The film stars mopey Barry Keoghan as the average guy who gets caught in the orbit of golden boy Jacob Elordi. Elordi comes from impossible wealth and has all the sycophants around him… but he adopts Keoghan and invites him to summer at his family estate. Let the games begin.
I’ve seen both of these actors before, but I don’t think I’ve ever really seen them. Both are playing to their strengths so its not like they are stretching their archetypes very far, but this film is written so well that I realized there’s something very interesting about both of them as actors.
They are joined by Rosamund Pike knocking it out of the park as the idle rich mother who is ever so polite, but ever so catty and Richard Grant as the befuddled and clueless father. They are circled by additional cast doing great work… Carey Mulligan, Alison Oliver, and Archie Madekwe. Plus Paul Duncan as the family butler who scared me every time he was on screen.
What formula the film follows I won’t reveal. I watched the trailer afterwards and I’m glad I missed it going in. It allowed for revelations and surprises that I wouldn’t have had the sick, sad pleasure of experiencing otherwise. If possible, I’d suggest that for you too.

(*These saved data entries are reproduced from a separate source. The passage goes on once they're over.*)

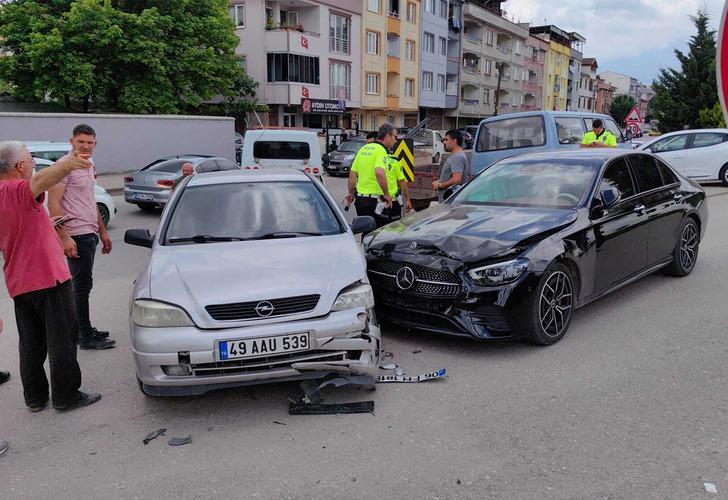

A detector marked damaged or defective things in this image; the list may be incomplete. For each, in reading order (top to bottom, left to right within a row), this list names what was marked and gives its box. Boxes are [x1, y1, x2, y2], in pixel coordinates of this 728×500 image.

cracked headlight [466, 258, 528, 286]
cracked headlight [332, 284, 376, 310]
cracked headlight [131, 300, 193, 328]
detached license plate [216, 332, 308, 360]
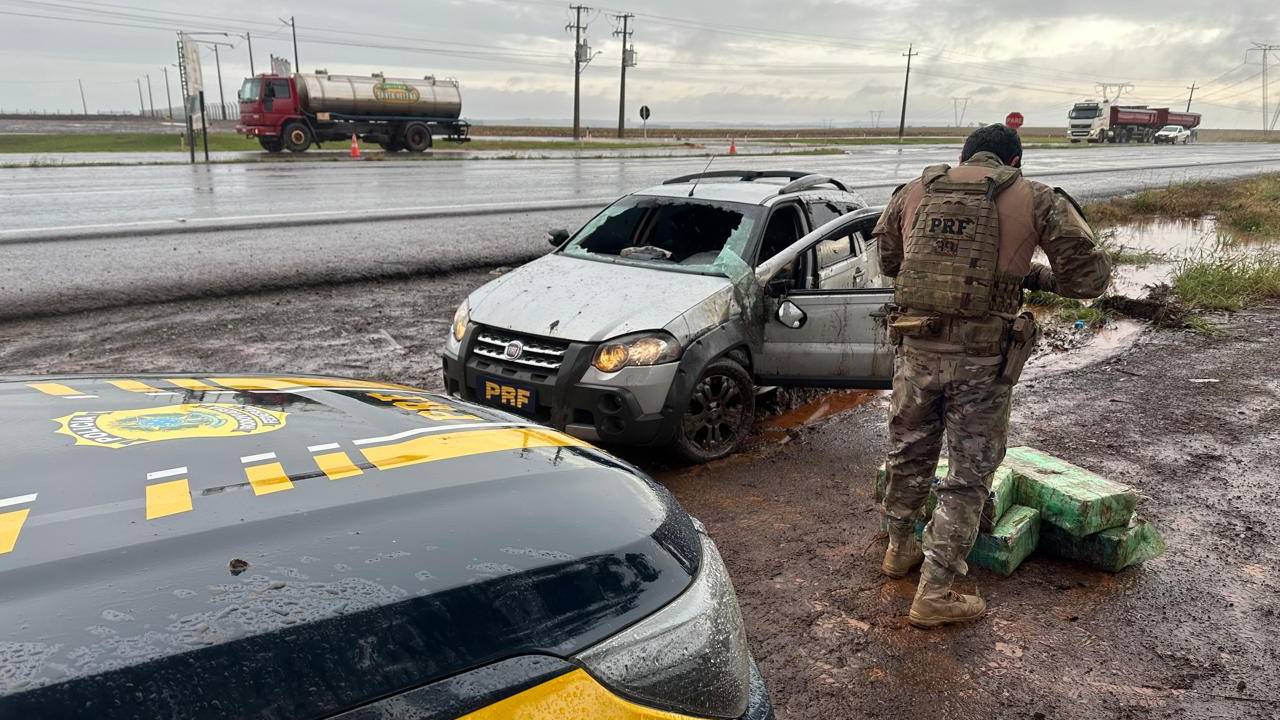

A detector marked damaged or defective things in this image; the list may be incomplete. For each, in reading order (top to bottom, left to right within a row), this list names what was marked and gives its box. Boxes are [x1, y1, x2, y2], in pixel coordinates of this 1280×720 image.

car's broken windshield [560, 194, 757, 275]
shattered window glass [560, 196, 757, 274]
damaged silver car [440, 167, 890, 458]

The movie is devilish, twisted, and malignant… creating one character so skin crawling that he deserves an Oscar for Oozing. It’s a marvelous study in pushing the audience to see what we can watch without nervous laughter or deep-into-your-seatback cringe. All the credit to the courage it took to take the part and play the role so brazenly.
Also credit to the setting and filmmaking. Most of the film takes place in the impossibly rich manor, filmed with a kind of austere dreamlike wafting away from reality. The introduction of a karaoke machine and modern music in one scene is such a clash of realities that I could do nothing but admire the effect.
My only complaint is that the ending puts too fine a punctuation mark on what had technically been a bit nebulous. I would have preferred the film remain ambiguous, letting the audience imagine exactly what happened, instead of letting them dot all the i’s and cross all the t’s. But it does let our skin-crawl a few extra minutes more so I’ll allow it (I just wish we got one extra parting shot of the butler… alas).
Damn good movie that exists in a familiar frame. I enjoyed discovering what it was… but even if you go in knowing, it’ll be well acted and just enough askew that it’ll still surprise (and make you deeply uncomfortable). Excellent work.